Nelson Mandela est mort. L’homme est devenu une icône, un symbole unanimement célébré à travers le monde, alors que pendant de nombreuses années, alors qu’il était emprisonné, il fut considéré comme terroriste car n’ayant pas renoncé à la violence pour se faire entendre.
Leader du combat des Noirs contre l’apartheid des blancs, il aura passé 27 ans de sa vie en détention. Libéré en 1990, le plus célèbre prisonnier politique du monde devint quatre ans plus tard le premier président noir démocratiquement élu de son pays (1994-1999) se retirant dès la fin de son mandat, pour se consacrer à la protection de l’enfance et à la lutte contre le sida, fléau de l’Afrique du Sud.
Le «long chemin vers la liberté» (titre d’une autobiographie parue en 1994) de Nelson Rolihlahla Mandela commencera le 18 juillet 1918 dans le hameau de Mvezo, dans le bantoustan du Transkeï (aujourd’hui province de l’Eastern Cape, sud-est) où il naît au clan royal des Thembu, de l’ethnie xhosa.
«J’ai lutté contre la domination blanche et j’ai lutté contre la domination noire», dira t’il pour résumer son long combat pour la liberté: «Mon idéal le plus cher a été celui d’une société libre et démocratique dans laquelle tous vivraient en harmonie avec des chances égales. J’espère vivre assez longtemps pour l’atteindre. Mais si cela est nécessaire, c’est un idéal pour lequel je suis prêt à mourir».

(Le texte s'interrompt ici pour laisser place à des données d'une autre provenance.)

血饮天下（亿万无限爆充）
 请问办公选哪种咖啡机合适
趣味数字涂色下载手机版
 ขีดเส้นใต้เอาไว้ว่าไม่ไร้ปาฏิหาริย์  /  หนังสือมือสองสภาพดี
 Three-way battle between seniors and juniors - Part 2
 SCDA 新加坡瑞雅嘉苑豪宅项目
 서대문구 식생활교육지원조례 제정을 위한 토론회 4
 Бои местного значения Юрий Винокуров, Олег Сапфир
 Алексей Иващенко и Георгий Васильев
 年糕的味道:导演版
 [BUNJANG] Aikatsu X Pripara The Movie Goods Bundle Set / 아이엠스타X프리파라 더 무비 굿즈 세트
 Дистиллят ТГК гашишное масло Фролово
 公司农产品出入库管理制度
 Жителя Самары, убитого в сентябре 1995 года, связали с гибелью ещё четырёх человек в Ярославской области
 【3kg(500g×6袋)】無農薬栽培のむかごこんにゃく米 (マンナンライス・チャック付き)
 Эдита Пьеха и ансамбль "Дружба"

Du bagne de Robben Island, au large du Cap, où il passera 18 ans, des prisons de Pollsmoor et de Victor Verster, Mandela inspire la révolte des townships (1976). C’est également en prison qu’il recevra les approches secrètes du gouvernement blanc, prémices à des négociations avec l’ANC.
Libéré le 11 février 1990, le détenu 46664 (numéro qui symbolisera sa grande campagne contre le sida) réapparaîtra face aux caméras du monde au côté de sa deuxième épouse Winnie, dont il se séparera deux ans plus tard.
Triomphalement élu à l’issue des élections du 27 avril 1994, il affichera dès son discours d’investiture la mission qui allait guider sa présidence. Convaincu que la société sud-africaine continuerait d’oeuvrer à faire du pays un «miracle», il promettra: «Lorsque j’entrerai dans l’éternité, j’aurai le sourire aux lèvres». Il retrouve aujourd’hui Rosa Parks et Martin Luther King au panthéon de ceux qui se sont levés contre la ségrégation raciale.
Aujourd’hui le Maire de Rouen lui rend hommage, et nous y souscrivons, comme nous partageons son souhait de voir un lieu porter son nom pour ne pas oublier un homme d’exception qui aura marqué les consciences.
Un lieu, symbolique et fort, et pourquoi pas une oeuvre pour lui rendre hommage, tout en ayant la décence ne pas rentrer dans une logique de partenariat quelque peu déplacée, comme il en fut le cas pour Aimé Cesaire, père fondateur de la négritude, et en entretenant le lieu de façon respectueuse de celui que l’on entend ainsi honorer.
Au delà de l’hommage, c’est aussi là une question de respect dans la durée.